* **TASK DESCRIPTION**
The required output is the line with "Polystepha pustuloides" and each line that follows it to the end of the entries below, copied exactly and with nothing added.

Entries taken from a collection:
· · · · · · ·
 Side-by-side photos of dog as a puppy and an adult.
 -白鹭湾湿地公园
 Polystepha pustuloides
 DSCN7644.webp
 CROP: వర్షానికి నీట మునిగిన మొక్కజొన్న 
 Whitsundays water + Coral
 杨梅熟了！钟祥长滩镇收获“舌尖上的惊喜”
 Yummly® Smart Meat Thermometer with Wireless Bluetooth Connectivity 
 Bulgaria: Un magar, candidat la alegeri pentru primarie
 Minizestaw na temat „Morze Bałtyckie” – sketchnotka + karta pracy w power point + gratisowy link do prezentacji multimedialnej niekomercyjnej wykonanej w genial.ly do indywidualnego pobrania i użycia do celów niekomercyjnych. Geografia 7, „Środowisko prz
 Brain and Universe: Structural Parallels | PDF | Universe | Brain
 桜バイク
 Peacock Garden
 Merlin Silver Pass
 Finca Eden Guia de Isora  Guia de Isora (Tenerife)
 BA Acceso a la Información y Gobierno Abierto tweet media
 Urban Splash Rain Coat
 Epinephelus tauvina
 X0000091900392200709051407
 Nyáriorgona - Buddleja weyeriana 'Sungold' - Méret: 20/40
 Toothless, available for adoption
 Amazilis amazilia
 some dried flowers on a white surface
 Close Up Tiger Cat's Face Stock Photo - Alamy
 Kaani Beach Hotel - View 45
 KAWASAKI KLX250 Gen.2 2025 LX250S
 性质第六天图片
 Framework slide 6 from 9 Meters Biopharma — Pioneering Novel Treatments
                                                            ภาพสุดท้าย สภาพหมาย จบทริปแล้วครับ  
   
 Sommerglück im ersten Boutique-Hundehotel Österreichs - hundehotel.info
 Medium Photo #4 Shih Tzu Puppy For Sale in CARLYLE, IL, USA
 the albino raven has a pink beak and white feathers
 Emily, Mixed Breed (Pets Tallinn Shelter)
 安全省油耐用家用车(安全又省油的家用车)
· · · · · · ·
* **ANSWER SPACE**
 Polystepha pustuloides
 DSCN7644.webp
 CROP: వర్షానికి నీట మునిగిన మొక్కజొన్న 
 Whitsundays water + Coral
 杨梅熟了！钟祥长滩镇收获“舌尖上的惊喜”
 Yummly® Smart Meat Thermometer with Wireless Bluetooth Connectivity 
 Bulgaria: Un magar, candidat la alegeri pentru primarie
 Minizestaw na temat „Morze Bałtyckie” – sketchnotka + karta pracy w power point + gratisowy link do prezentacji multimedialnej niekomercyjnej wykonanej w genial.ly do indywidualnego pobrania i użycia do celów niekomercyjnych. Geografia 7, „Środowisko prz
 Brain and Universe: Structural Parallels | PDF | Universe | Brain
 桜バイク
 Peacock Garden
 Merlin Silver Pass
 Finca Eden Guia de Isora  Guia de Isora (Tenerife)
 BA Acceso a la Información y Gobierno Abierto tweet media
 Urban Splash Rain Coat
 Epinephelus tauvina
 X0000091900392200709051407
 Nyáriorgona - Buddleja weyeriana 'Sungold' - Méret: 20/40
 Toothless, available for adoption
 Amazilis amazilia
 some dried flowers on a white surface
 Close Up Tiger Cat's Face Stock Photo - Alamy
 Kaani Beach Hotel - View 45
 KAWASAKI KLX250 Gen.2 2025 LX250S
 性质第六天图片
 Framework slide 6 from 9 Meters Biopharma — Pioneering Novel Treatments
                                                            ภาพสุดท้าย สภาพหมาย จบทริปแล้วครับ  
   
 Sommerglück im ersten Boutique-Hundehotel Österreichs - hundehotel.info
 Medium Photo #4 Shih Tzu Puppy For Sale in CARLYLE, IL, USA
 the albino raven has a pink beak and white feathers
 Emily, Mixed Breed (Pets Tallinn Shelter)
 安全省油耐用家用车(安全又省油的家用车)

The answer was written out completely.